Noting the council’s new makeup and stated desire for a “new direction,” Perry said he hoped that direction “is not one of blaming and finger-pointing.” He said he hoped the views councilors expressed in their piece wouldn’t set the tone for a Jan. 28 meeting between councilors and Bangor’s legislative delegation.

In the piece, published in Saturday’s edition of the Bangor Daily News, Bangor’s nine councilors said that several recommendations in Gov. John Baldacci’s proposed supplemental budget, which cuts $438 million from the existing two-year spending blueprint, will have “serious and wide-reaching effects” on local government.

The councilors pegged the potential state funding losses for the city at $1.8 million to $2 million in state revenue sharing over the next 18 months, and cited recent and proposed cuts in education funding amounting to $754,000 this year and up to $2 million next year. They said plans to adjust the reimbursement formula for general assistance could mean the loss of an additional $550,000 during next fiscal year.

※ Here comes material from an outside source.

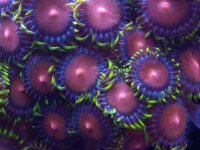 zoa9.jpg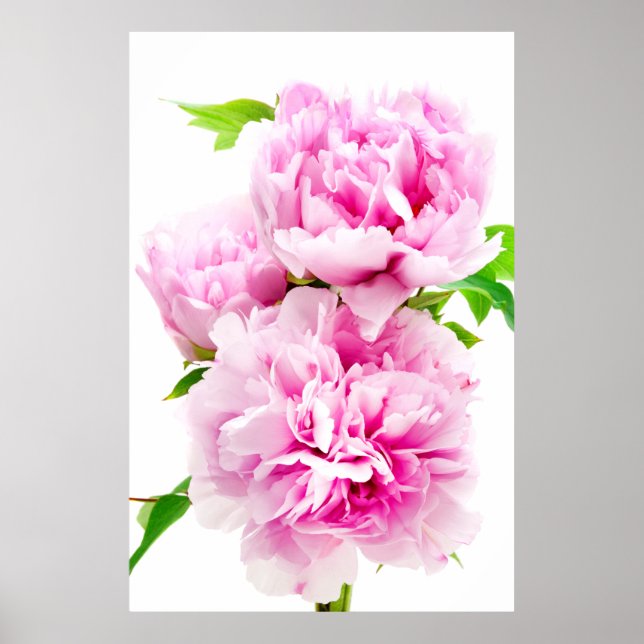 Póster Pink Peony (Frente)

They urged residents to check out the proposed supplemental budget and its effect on municipalities and “join us in demanding that these proposed reductions be restored.”

Perry’s question for the councilors was how, then, did they think the budget gap should be closed.

“Are you talking about [having state government] absorb all $438 million worth of cuts [or] are you advocating for an increase in the sales tax?”

Noting that the councilors had taken positions on state budget issues in the past, Perry told them, “If that’s your position, that we need to increase taxes on the state level because there’s no place for the city to cut, I think it’s an obligation to stand up and say that to the public.”

Perry asked for “feedback and ideas that we may be able to use to undo the pain.”

Though council Chairman Richard Stone warned that the meeting was not the proper forum for a debate, a few councilors offered responses, including Councilor Hal Wheeler.

Wheeler said cuts to general assistance might not amount to an “unfunded mandate,” but that general assistance was an entitlement program, “and we have no choice but to provide it.” Regarding education cuts, he said the state has yet to meet the 55 percent share voters passed in 2004.

“I think you can understand that gives cause to be very concerned about priorities being set this budget year,” he said. “I hope you will be addressing the governor’s adamant refusal to even consider a temporary increase in the sales tax, which could result in $90 [million] to $180 million in additional revenues.”